Covariance measures how two variables vary in tandem from their means.

For example, let's say we work for an e-commerce company, and they are interested in finding a correlation between page speed (how fast each web page renders for a customer) and how much a customer spends.

numpy offers covariance methods, but we'll do it the "hard way" to show what happens under the hood. Basically we treat each variable as a vector of deviations from the mean, and compute the "dot product" of both vectors. Geometrically this can be thought of as the angle between the two vectors in a high-dimensional space, but you can just think of it as a measure of similarity between the two variables.

First, let's just make page speed and purchase amount totally random and independent of each other; a very small covariance will result as there is no real correlation:


In [1]:
%matplotlib inline

import numpy as np
from pylab import *

def de_mean(x):
    xmean = mean(x)
    return [xi - xmean for xi in x]

def covariance(x, y):
    n = len(x)
    return dot(de_mean(x), de_mean(y)) / (n-1)

pageSpeeds = np.random.normal(3.0, 1.0, 1000)
purchaseAmount = np.random.normal(50.0, 10.0, 1000)

scatter(pageSpeeds, purchaseAmount)

covariance (pageSpeeds, purchaseAmount)


Out[1]:
-0.52925537535873524

Now we'll make our fabricated purchase amounts an actual function of page speed, making a very real correlation. The negative value indicates an inverse relationship; pages that render in less time result in more money spent:


In [2]:
purchaseAmount = np.random.normal(50.0, 10.0, 1000) / pageSpeeds

scatter(pageSpeeds, purchaseAmount)

covariance (pageSpeeds, purchaseAmount)


Out[2]:
-11.312423794287247

But, what does this value mean? Covariance is sensitive to the units used in the variables, which makes it difficult to interpret. Correlation normalizes everything by their standard deviations, giving you an easier to understand value that ranges from -1 (for a perfect inverse correlation) to 1 (for a perfect positive correlation):


In [3]:
def correlation(x, y):
    stddevx = x.std()
    stddevy = y.std()
    return covariance(x,y) / stddevx / stddevy  #In real life you'd check for divide by zero here

correlation(pageSpeeds, purchaseAmount)


Out[3]:
-0.46775563114087165

numpy can do all this for you with numpy.corrcoef. It returns a matrix of the correlation coefficients between every combination of the arrays passed in:


In [4]:
np.corrcoef(pageSpeeds, purchaseAmount)


Out[4]:
array([[ 1.        , -0.46728788],
       [-0.46728788,  1.        ]])

(It doesn't match exactly just due to the math precision available on a computer.)
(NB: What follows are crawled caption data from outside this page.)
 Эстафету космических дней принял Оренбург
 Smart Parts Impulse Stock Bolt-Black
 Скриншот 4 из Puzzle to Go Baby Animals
We can force a perfect correlation by fabricating a totally linear relationship (again, it's not exactly -1 just due to precision errors, but it's close enough to tell us there's a really good correlation here):


In [5]:
purchaseAmount = 100 - pageSpeeds * 3

scatter(pageSpeeds, purchaseAmount)

correlation (pageSpeeds, purchaseAmount)


Out[5]:
-1.0010010010010013

Remember, correlation does not imply causality!

Activity

numpy also has a numpy.cov function that can compute Covariance for you. Try using it for the pageSpeeds and purchaseAmounts data above. Interpret its results, and compare it to the results from our own covariance function above.


In [ ]: